Complexity means that, even with reliable platforms and networks, it's not possible to assume that a deployed service is healthy.

Healthiness can be difficult to define and measure. It is often a combination of a service's:

  • developers' perspective (the service is dependent on a database that must be available, configured correctly and itself healthy),
  • SRE's perspective(the service is impacted by a data-center issue)
  • and, most importantly, the customer's perspective (I'm unable to access the service).

In many cases, this complexity is reduced to an application layer protocol check; checking that an HTTP endpoint returns a 2xx status code. While indicative of a service's health, such checks are only a reflection it.

For gRPC services, health checking is more complicated.

If a server does not support reflection, it's not possible to enumerate the methods that it may be support in order to find one to use (as a proxy) for a health check.

Even if reflection is supported, the only way to check the liveness of a method is to construct and send a request message to the method.

Should we even be calling arbitrary methods with arbitrary messages on a service?

A good solution to this challenge is gRPC Health Checking Protocol. It defines 2 methods (Check and Watch) and 2 messages (HealthCheckRequest and HealthCheckResponse) that, when implemented by a service, provide a standard mechanism by which the health of the server's services may be checked.

As with any effective health checking mechanism, it is the responsibility of the service's developers to ensure that the health checking mechanism correctly reflects the state of the service.

Pre-requisite

For the reasons described in the Health Checks section, Ackal implements gRPC Health Checking Protocol.

For this reason, it can only health check services that implement this protocol too.

Schedule Health Checks

Assuming you have a gRPC service that meets the Pre-requisites of implementing gRPC Health Checking Protocol, you can create a health check for the service using Ackal.

You will need to decide:

  1. How frequently the health check should be made
  2. From where the health check should run
  3. Which subset of your gRPC services should be tested

To create health checks, you can then use either Ackal's command-line tool (ackalctl) or Ackal's gRPC API:


ackalctl \
--endpoint="server-01:443" \
--period="300s" \
--location_ids="the-dalles,tokyo" \
--services="ServiceA,ServiceB" \
create check

id: 123456789abcdef0123456789abcdef0123456789abcdef012345678
                            

Ackal health checks continue to run from the locations and on the frequency you specify until you delete them.

Manage Health Checks

You can list and delete Ackal health checks using Ackal's command-line tool (ackalctl) or Ackal's gRPC API:


ackalctl \
list checks

Endpoint      Period Location(s)      Services(s)       Enabled
server-01:443 300    the-dalles,tokyo ServiceA,ServiceB true
                            

ackalctl \
--endpoint="server-01:443" \
--period="300s" \
delete check

id: 123456789abcdef0123456789abcdef0123456789abcdef012345678
                            

Monitor Health Checks

Ackal health checks publish metrics on an HTTP endpoint using Prometheus' text-based exposition format.
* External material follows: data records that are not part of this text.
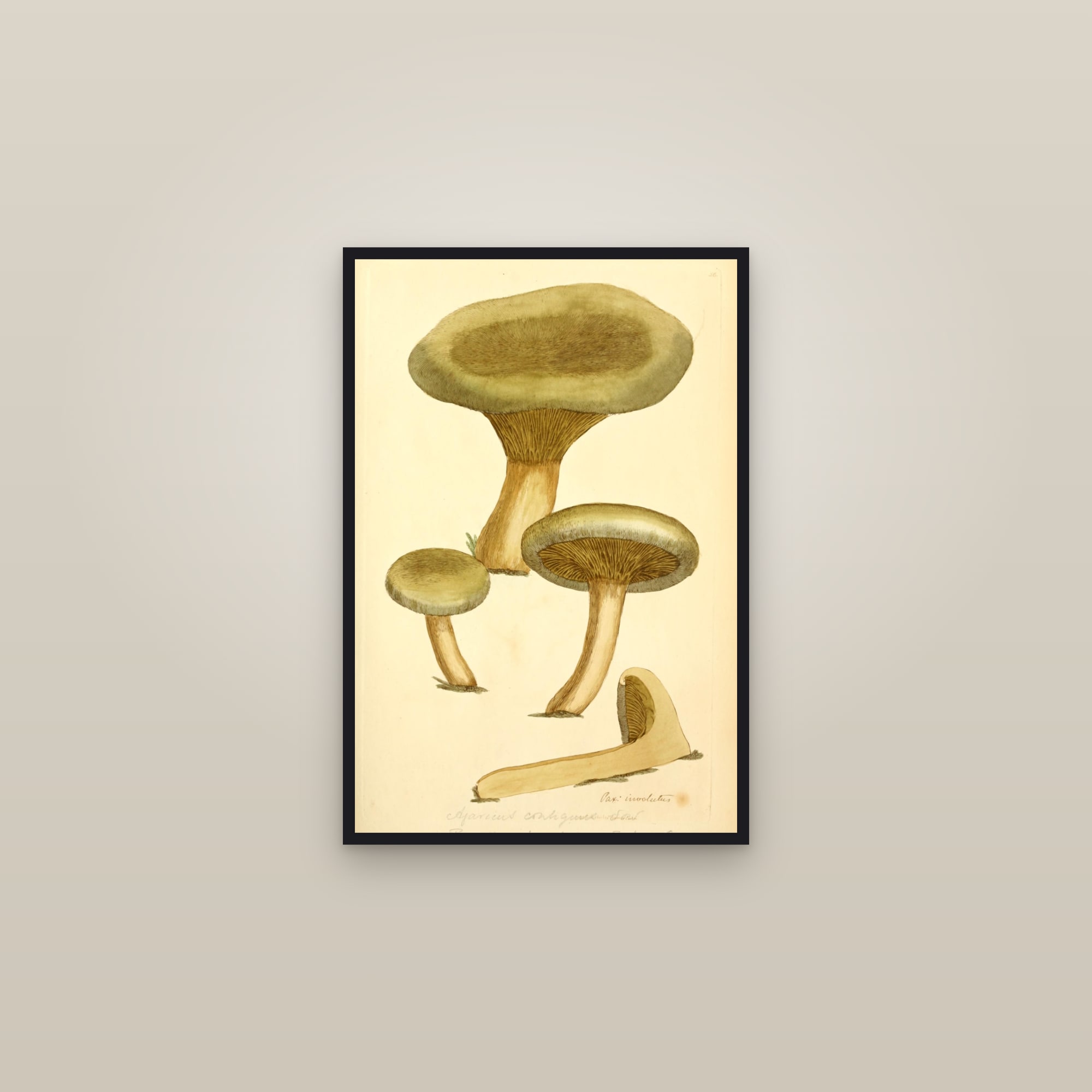 Brown Rollrim — framed in a gallery setting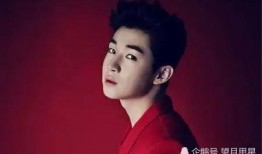 刘宪华爆料自己视频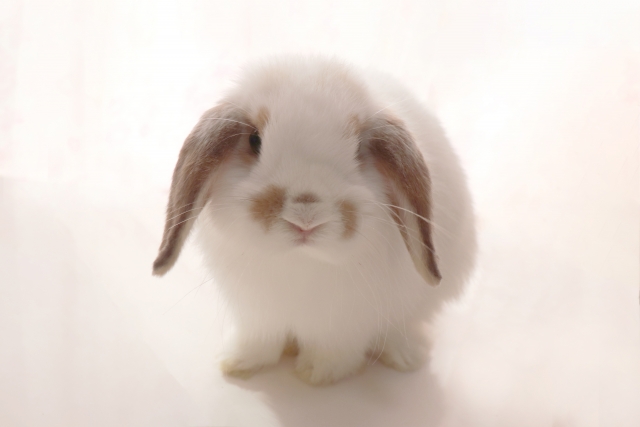 3月3日はウサギの日 身近な動物について学んでみよう ママ賃貸コラム ママのための賃貸情報サイト
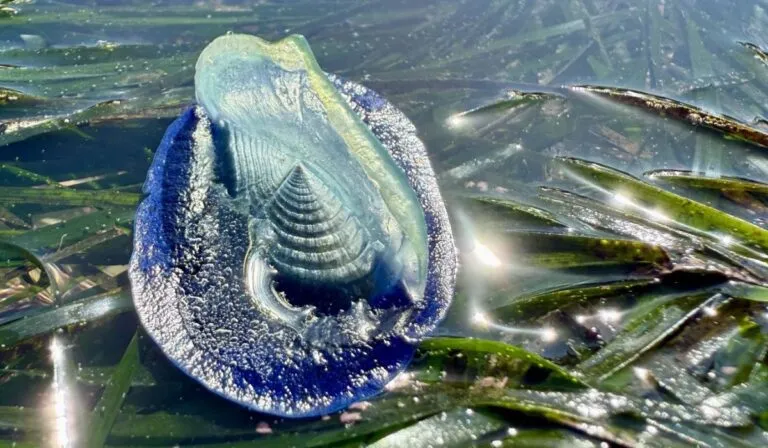 Playas de California se pintan de azul por invasión masiva de Velella velella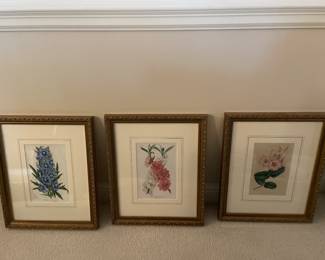 $125.00 Set of 3 - Hand Colored Lithograph - 18" x 15"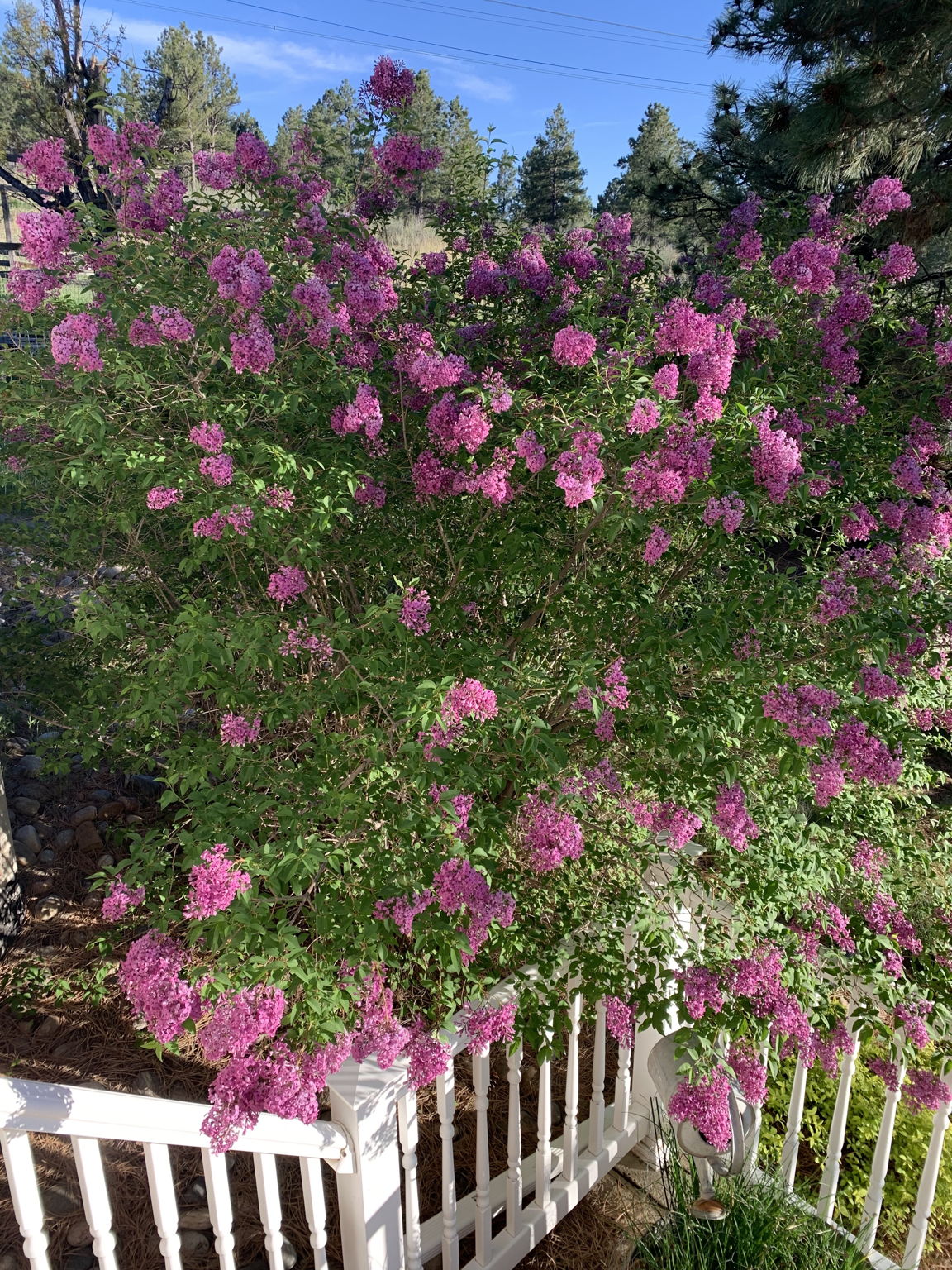 Sneak peak of spring time foliage.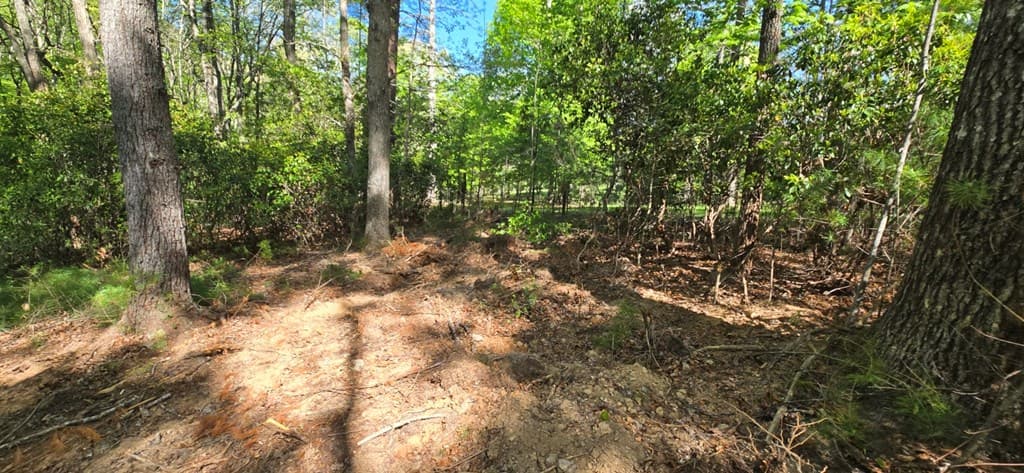 Lot 3-4 Scouts Overlook Lane, Morganton GA 30560 - Photo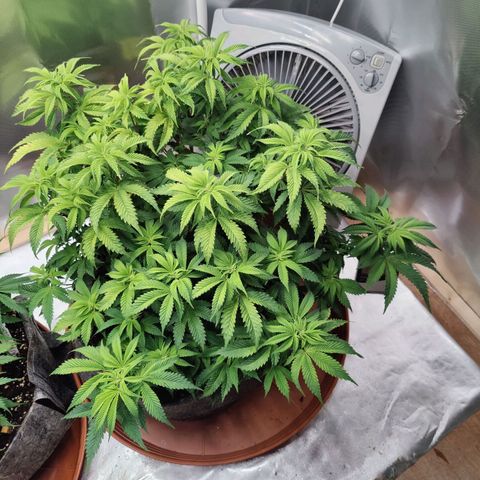 Arjan's Haze #3 growlog photo: Left them to dry well both this time and watered 4Ltrs each with 10ml Vega and 2.5ml Ryzho each.
Doubled the Vega as the Keminhaze was drying uo big fans from bottom mostly and I thing she was hungry.
This is the most I can mix with recomended level.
You can use a tool like curl or similar tool to browse (GET) these endpoints.

More commonly, you will want to configure Prometheus or a Prometheus-compatible tool to scrape your health check endpoints periodically for you. Ackal provides two proxies that provide authenticated service discovery of your Ackal health checks:

NOTE You should configure Prometheus to scrape your health check endpoints no more frequently than the health checks are being made.
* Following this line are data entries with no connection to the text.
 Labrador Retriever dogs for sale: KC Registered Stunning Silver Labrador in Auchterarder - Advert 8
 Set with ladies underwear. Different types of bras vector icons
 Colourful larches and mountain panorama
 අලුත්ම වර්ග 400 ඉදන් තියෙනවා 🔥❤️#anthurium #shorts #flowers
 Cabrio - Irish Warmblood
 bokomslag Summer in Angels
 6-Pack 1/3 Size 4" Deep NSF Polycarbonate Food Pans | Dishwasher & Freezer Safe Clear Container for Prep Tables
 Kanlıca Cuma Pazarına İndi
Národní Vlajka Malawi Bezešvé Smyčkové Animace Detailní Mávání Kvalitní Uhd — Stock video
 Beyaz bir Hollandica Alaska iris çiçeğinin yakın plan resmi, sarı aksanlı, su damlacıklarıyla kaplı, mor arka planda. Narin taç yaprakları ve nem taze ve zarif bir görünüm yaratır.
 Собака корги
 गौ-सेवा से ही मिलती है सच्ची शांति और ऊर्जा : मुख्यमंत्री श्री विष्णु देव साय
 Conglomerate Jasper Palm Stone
Here is an example using curl to enumerate the endpoints for your Ackal health checks:


# Your Customer ID
CUSTOMER="..."

# Your Credentials File JWT
JWT=$(\
  more ${HOME}/.config/ackalctl/credentials.json \
  | jq -r .jwt)

curl \
--silent \
--get \
--header "Authorization: Bearer ${JWT}" \
--header "Ackal-Customer: ${CUSTOMER}" \
--header "Content-Type: application/json" \
https://listr.ack.al \
| jq -r .
                            
NOTE This script uses jq to parse JSON.

The resulting JSON describes your Ackal health check endpoints:


{
    "exporters": [
      {
        "url": "https://healthcheck-01",
        "labels": {
          "endpoint": "server-01:443",
          "location": "somewhere",
          "period": "600"
        }
      },
      {
        "url": "https://healthcheck-02",
        "labels": {
          "endpoint": "server-02:443",
          "location": "somewhere",
          "period": "300"
        }
      }
    ]
  }
                            

If you'd prefer to see the JSON that is used by Ackal's ackalctl-http-proxy which provides authenticated service discovery for Prometheus for your Ackal health checks, you can append ?format=prometheus:


[
  {
    "targets": [
      "healthcheck-01:443"
    ],
    "labels": {
      "endpoint": "server-01:443",
      "location": "somehwere",
      "period": "600"
    }
  },
  {
    "targets": [
      "healthcheck-02:443"
    ],
    "labels": {
      "endpoint": "server-02:443",
      "location": "somewhere",
      "period": "300"
    }
  }
]
                            

Ackal secures health check endpoints and so you must provide credentials (using an Authorization header) with requests against your health check endpoints:


# Your Customer ID
CUSTOMER="..."

# Your Credentials File JWT
JWT=$(\
  more ${HOME}/.config/ackalctl/credentials.json \
  | jq -r .jwt)

curl \
--silent \
--get \
--header "Authorization: Bearer ${JWT}" \
--header "Ackal-Customer: ${CUSTOMER}" \
--header "Content-Type: application/json" \
https://healthcheck-01/metrics \
| awk "/^ackal_exporter_check/ {print}"
                            
NOTE You must prefix health check URLs with the scheme (https://) and use /metrics. In the example above awk is used to extract Ackal's metrics (ackal_exporter_check) from the list of metrics.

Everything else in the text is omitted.